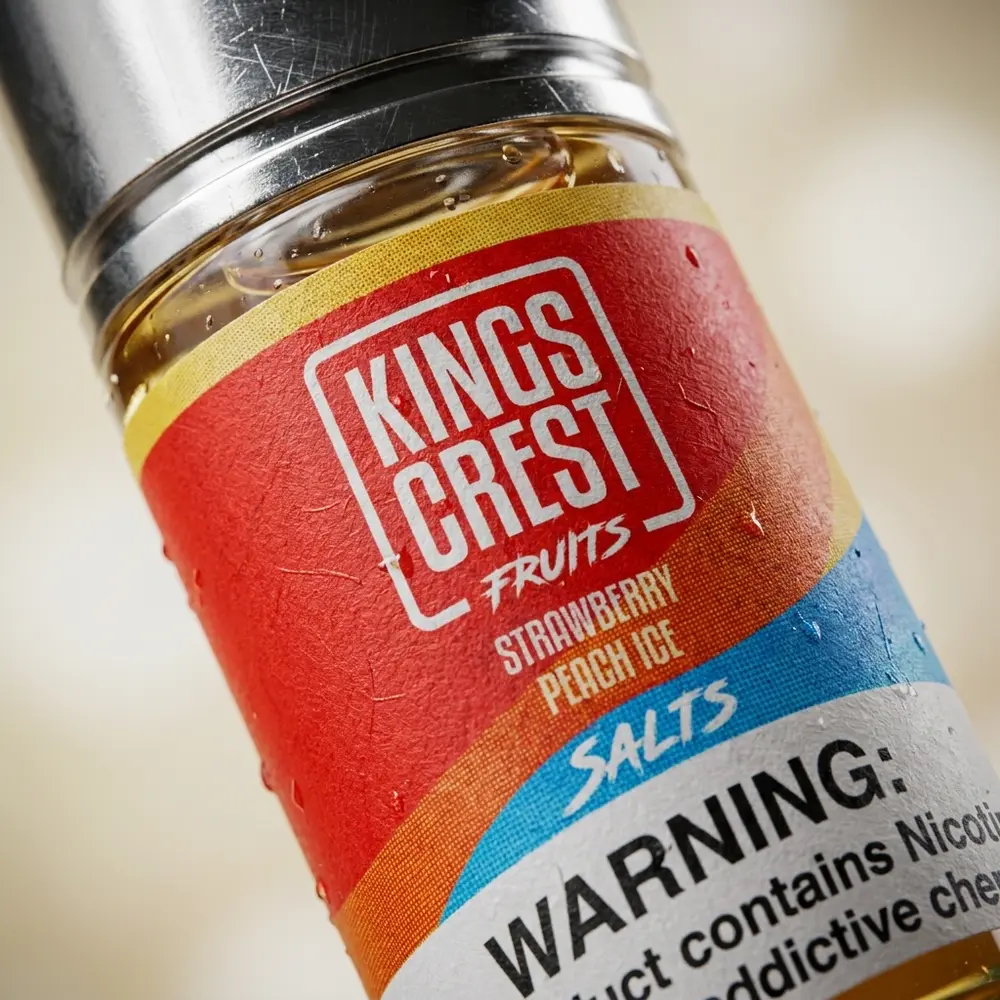 Close-up da etiqueta e bocal do líquido Kings Crest Salt com gotas de condensação e reflexos metálicos. - Vapor Gringo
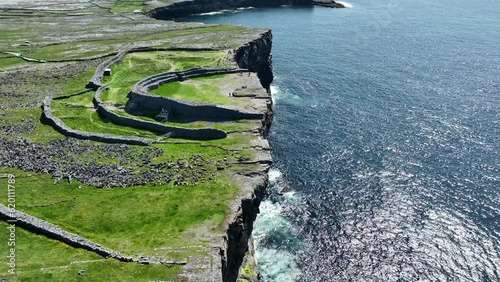 Drone flying along the cliff edge at Dun Angus Inis More Aran Islands Ireland on a fantastic May Day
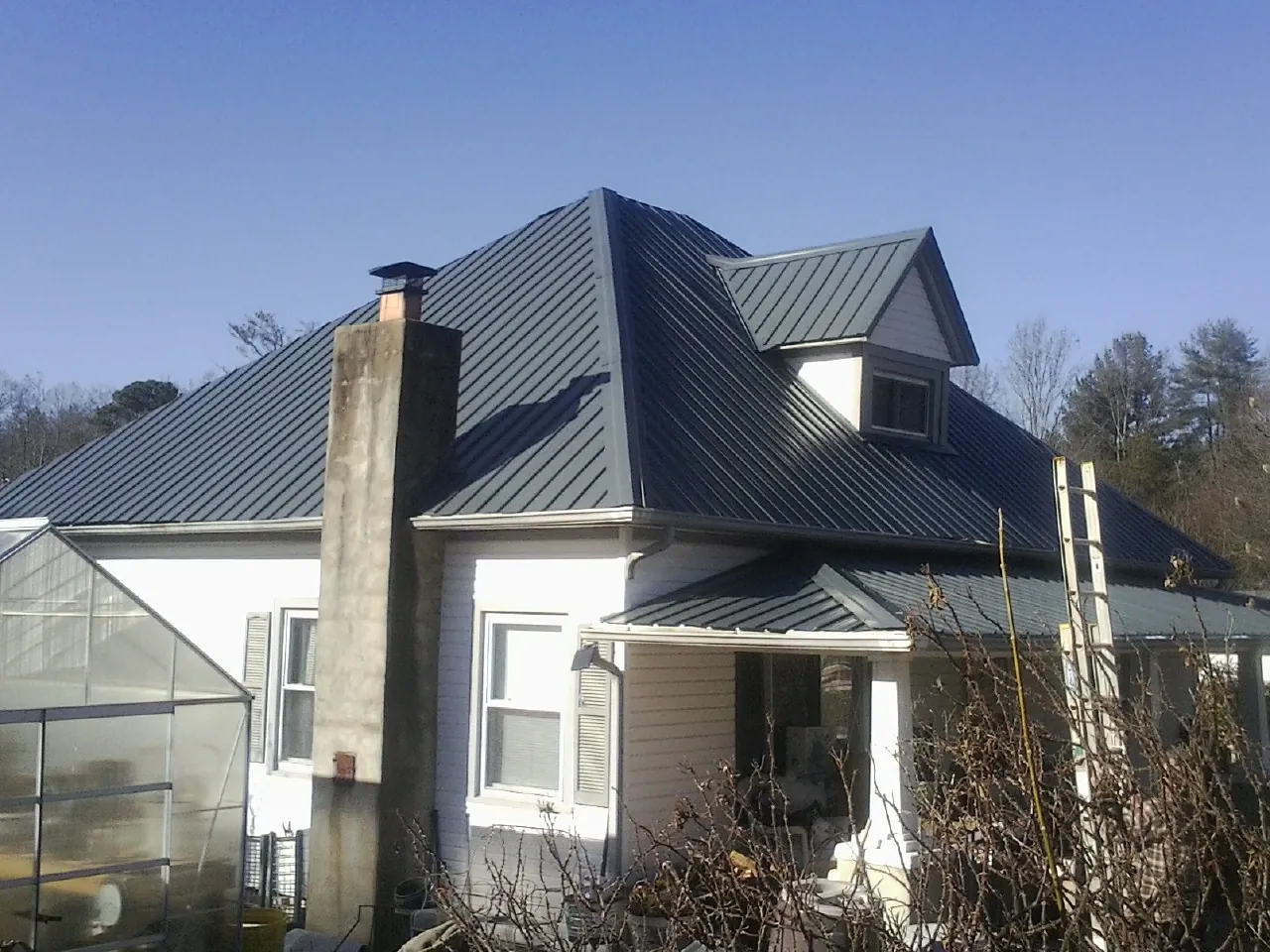 Dark blue standing seam metal roof on a white farmhouse with dormer — Slate & Tile Roof Repair by Roofing Brothers in Griswold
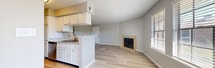 This well-designed 780 square foot apartment in Daytona Beach, FL offers a harmonious blend of comfort and functionality. The open-concept living area seamlessly integrates the kitchen and living room, creating a spacious feel enhanced by large windows that flood the space with natural light. The kitchen boasts white cabinetry, granite countertops, and stainless steel appliances, providing both style and practicality.

The apartment features two bedrooms, including a generous 190 square foot primary bedroom, both equipped with plush carpeting and modern ceiling fans. Ample closet space ensures organized living. Two full bathrooms with contemporary fixtures and wood-look flooring add convenience and style.

Throughout the apartment, neutral tones and wood-look flooring create a cohesive, modern aesthetic. The dedicated laundry area with full-sized appliances adds to the unit's practicality. Energy-efficient features like ceiling fans and window treatments contribute to comfortable living.

This single-story apartment combines the ease of apartment living with thoughtful design elements, making it an ideal home for those seeking a contemporary, low-maintenance lifestyle in the heart of Daytona Beach.
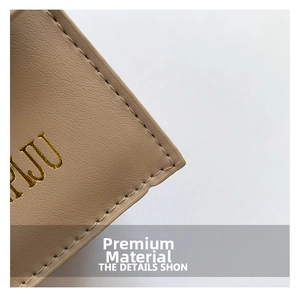 Close-up of beige lychee textured leather with golden logo and precision stitching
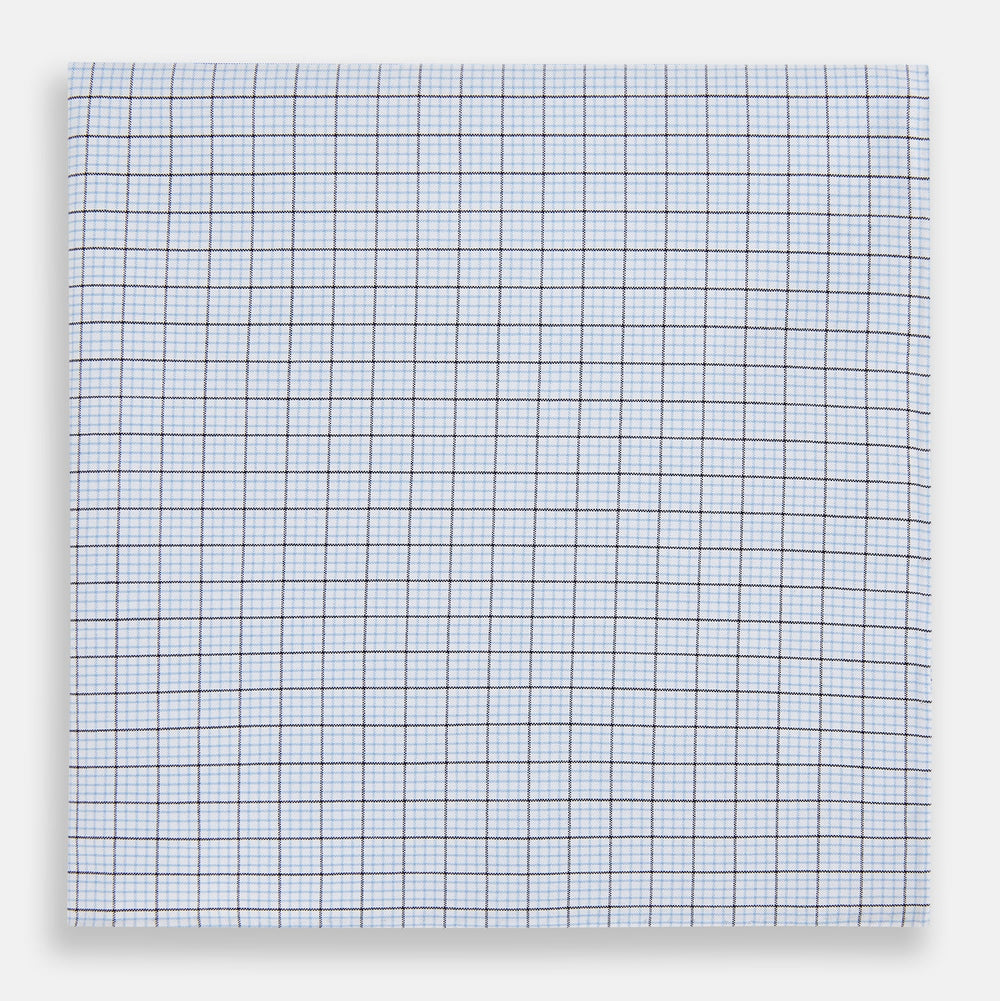 The Hand Rolled Blue Multi Graph Check Handkerchief by Turnbull & Asser features a white base with a blue grid and bold lines, resembling elegant graph paper, set against a clean white background.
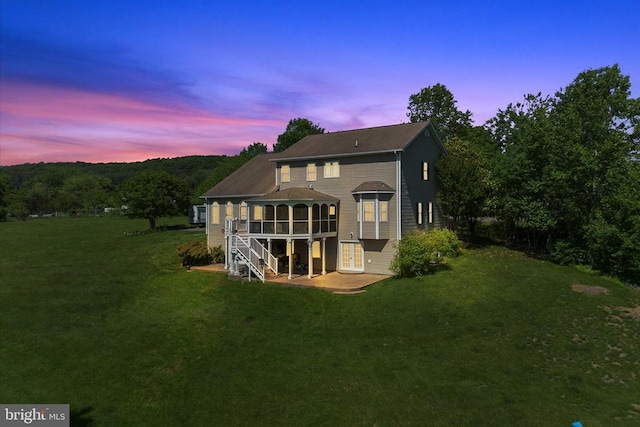 back of house at dusk with a patio area, a lawn, french doors, and a deck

++++++++++++++++++++

## Description of the task
Transcribe each line above exactly, pictures excluded.

## Exercise solution
 Close-up da etiqueta e bocal do líquido Kings Crest Salt com gotas de condensação e reflexos metálicos. - Vapor Gringo
 Drone flying along the cliff edge at Dun Angus Inis More Aran Islands Ireland on a fantastic May Day
 Dark blue standing seam metal roof on a white farmhouse with dormer — Slate & Tile Roof Repair by Roofing Brothers in Griswold
 This well-designed 780 square foot apartment in Daytona Beach, FL offers a harmonious blend of comfort and functionality. The open-concept living area seamlessly integrates the kitchen and living room, creating a spacious feel enhanced by large windows that flood the space with natural light. The kitchen boasts white cabinetry, granite countertops, and stainless steel appliances, providing both style and practicality.

The apartment features two bedrooms, including a generous 190 square foot primary bedroom, both equipped with plush carpeting and modern ceiling fans. Ample closet space ensures organized living. Two full bathrooms with contemporary fixtures and wood-look flooring add convenience and style.

Throughout the apartment, neutral tones and wood-look flooring create a cohesive, modern aesthetic. The dedicated laundry area with full-sized appliances adds to the unit's practicality. Energy-efficient features like ceiling fans and window treatments contribute to comfortable living.

This single-story apartment combines the ease of apartment living with thoughtful design elements, making it an ideal home for those seeking a contemporary, low-maintenance lifestyle in the heart of Daytona Beach.
 Close-up of beige lychee textured leather with golden logo and precision stitching
 The Hand Rolled Blue Multi Graph Check Handkerchief by Turnbull & Asser features a white base with a blue grid and bold lines, resembling elegant graph paper, set against a clean white background.
 back of house at dusk with a patio area, a lawn, french doors, and a deck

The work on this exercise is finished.